Segment Start: AVAILABLE DATA
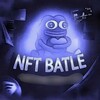 Логотип телеграм канала @my_nft_battle — NFT BATTLE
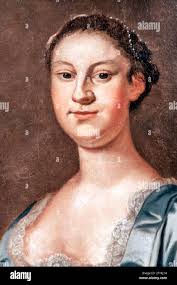 Daughter virginia lewis hi-res stock photography and images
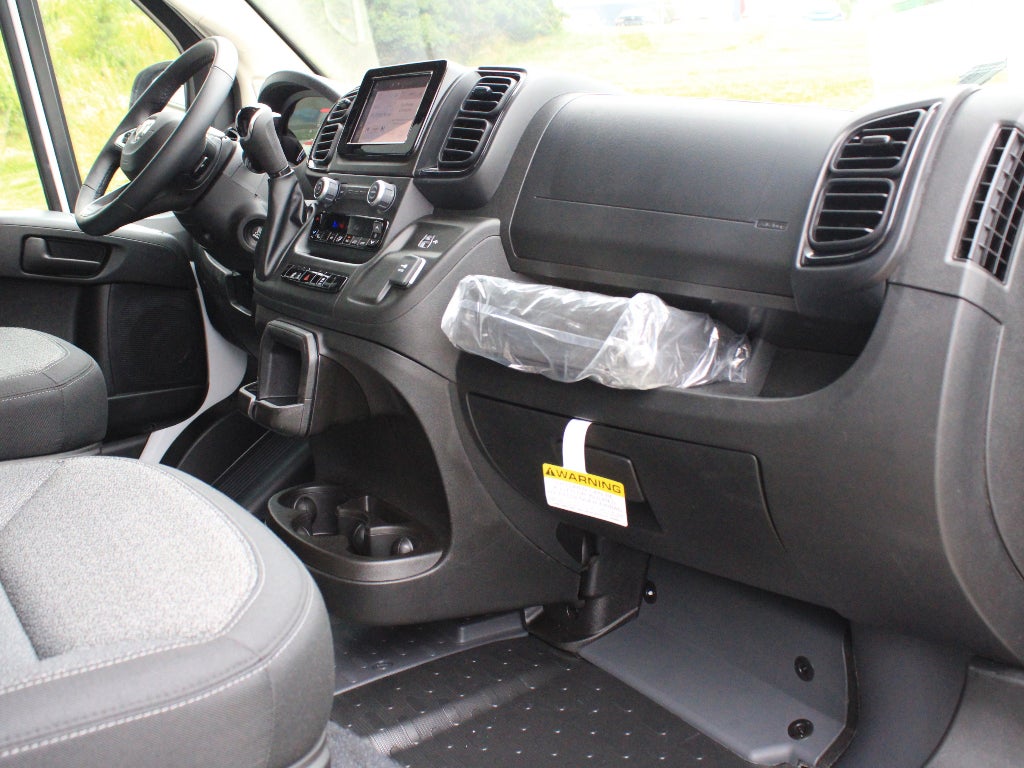 2026 RAM ProMaster 2500 Tradesman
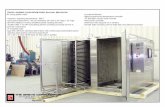 THE GRIEVE CORPORATION No · THE GRIEVE CORPORATION 500 Hart Road, Round Lake, Illinois 60073-2898 USA (847) 546-8225 Fax: (847) 546-9210 No.1010 TRUCK LOADING CLEAN ROOM OVEN, Serial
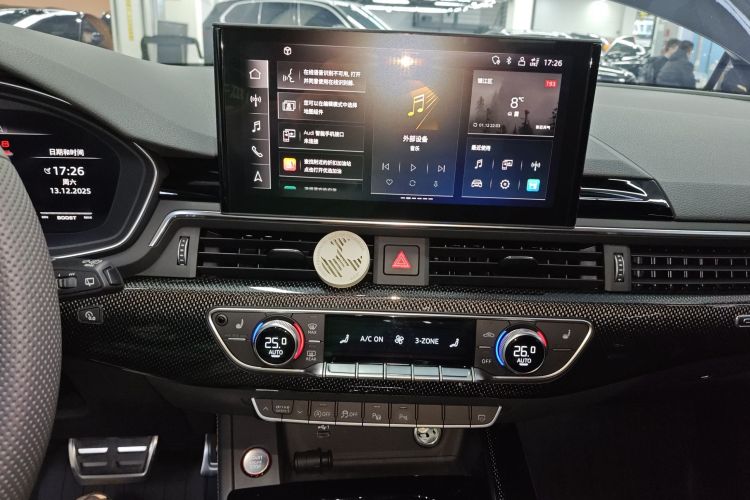 奥迪S4 2024款 S4 Avant 3.0TFSI局部细节16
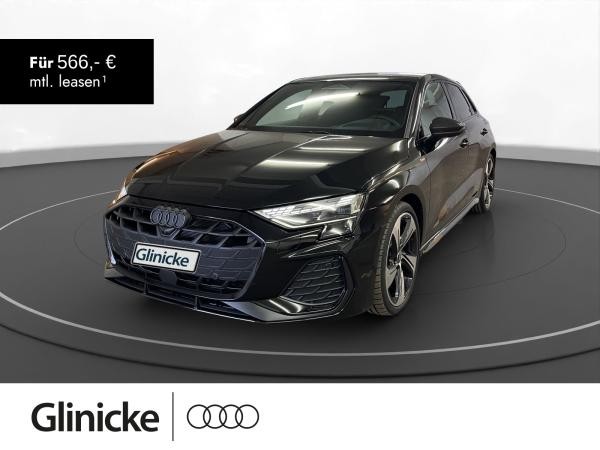 Audi A3 Sportback TFSI S line AHK Pano Matrix LM 19" Navi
Segment End: AVAILABLE DATA
HOW TO COMPLETE THIS TASK
The entries need to be restated exactly, and their pictures left out.

ANSWER BOX
 Логотип телеграм канала @my_nft_battle — NFT BATTLE
 Daughter virginia lewis hi-res stock photography and images
 2026 RAM ProMaster 2500 Tradesman
 THE GRIEVE CORPORATION No · THE GRIEVE CORPORATION 500 Hart Road, Round Lake, Illinois 60073-2898 USA (847) 546-8225 Fax: (847) 546-9210 No.1010 TRUCK LOADING CLEAN ROOM OVEN, Serial
 奥迪S4 2024款 S4 Avant 3.0TFSI局部细节16
 Audi A3 Sportback TFSI S line AHK Pano Matrix LM 19" Navi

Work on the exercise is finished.